Ah Eylül! Ah Leyla!
Eylül'ümüz gitti, Leyla'mız gitti... Ufuk'tan haber yok...Hiç etrafınıza baktınız mı? Küçük şehirler bir nebze de, büyük şehirlerde, anneler, babalar, dedeler, neneler, çocuklarının ellerinden...
Eylül'ümüz gitti, Leyla'mız gitti... Ufuk'tan haber yok...
Hiç etrafınıza baktınız mı? Küçük şehirler bir nebze de, büyük şehirlerde, anneler, babalar, dedeler, neneler, çocuklarının ellerinden tutmuşlar okula götürüyorlar. Okulların dağılma saatlerinde neredeyse öğrenciler kadar veliler var.
İnsanın korkusu insandan! Ya çocuğumuzun başına bir şey gelirse?
Biz küçüklüğümüzde Ayla'yı bilirdik. Kaçırılmıştı. Günlerce, aylarca, yıllarca arandı. Bulunamadı. Ve hâlâ konuşulur. Girin, Ayla'nın hikâyesini okuyun.

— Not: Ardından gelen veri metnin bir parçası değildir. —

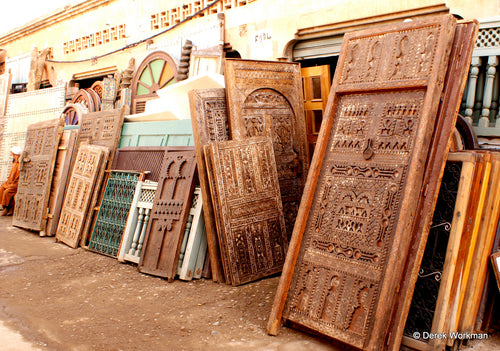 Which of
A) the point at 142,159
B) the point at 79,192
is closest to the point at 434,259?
the point at 142,159

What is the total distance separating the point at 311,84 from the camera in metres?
5.30

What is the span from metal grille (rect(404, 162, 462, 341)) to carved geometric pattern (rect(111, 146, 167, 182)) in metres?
3.05

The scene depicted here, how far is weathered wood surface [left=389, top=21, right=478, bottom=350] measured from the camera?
260 cm

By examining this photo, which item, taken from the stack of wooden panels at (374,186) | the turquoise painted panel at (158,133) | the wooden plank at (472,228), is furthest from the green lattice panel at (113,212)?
the wooden plank at (472,228)

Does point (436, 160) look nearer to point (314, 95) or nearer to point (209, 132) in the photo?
point (209, 132)

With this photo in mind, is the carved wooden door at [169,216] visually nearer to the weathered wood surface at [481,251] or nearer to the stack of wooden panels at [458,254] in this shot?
the stack of wooden panels at [458,254]

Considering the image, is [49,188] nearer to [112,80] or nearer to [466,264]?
[112,80]

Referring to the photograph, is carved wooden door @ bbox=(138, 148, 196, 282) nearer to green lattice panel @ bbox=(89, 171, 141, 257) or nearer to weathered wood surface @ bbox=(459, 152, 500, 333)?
green lattice panel @ bbox=(89, 171, 141, 257)

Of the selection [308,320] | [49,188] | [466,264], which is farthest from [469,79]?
[49,188]

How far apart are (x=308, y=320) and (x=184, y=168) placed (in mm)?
2072

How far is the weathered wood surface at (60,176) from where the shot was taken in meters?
6.09

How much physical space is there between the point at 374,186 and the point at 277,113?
2.04m

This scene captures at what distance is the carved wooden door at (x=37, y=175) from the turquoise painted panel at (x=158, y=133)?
129 cm

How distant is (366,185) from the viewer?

O tarihlerden bugünlere gelince, artık kaybolan, katledilen, cinsî sapıkların elinde heder olan binlercesinden, on binlercesinden, bahsediyoruz. Hepimizin yüreği yangın yeri.
Zâlim olmasa, mazlum olur mu?
İyilikleri bilmek için, kötülükleri bilmek gerekir. Kötüler hep vardır. Önce tedbir. Tedbir kötülere karşı alınacak; ama kötülerin ıslahı da şart. Islah etme de bir tedbirdir.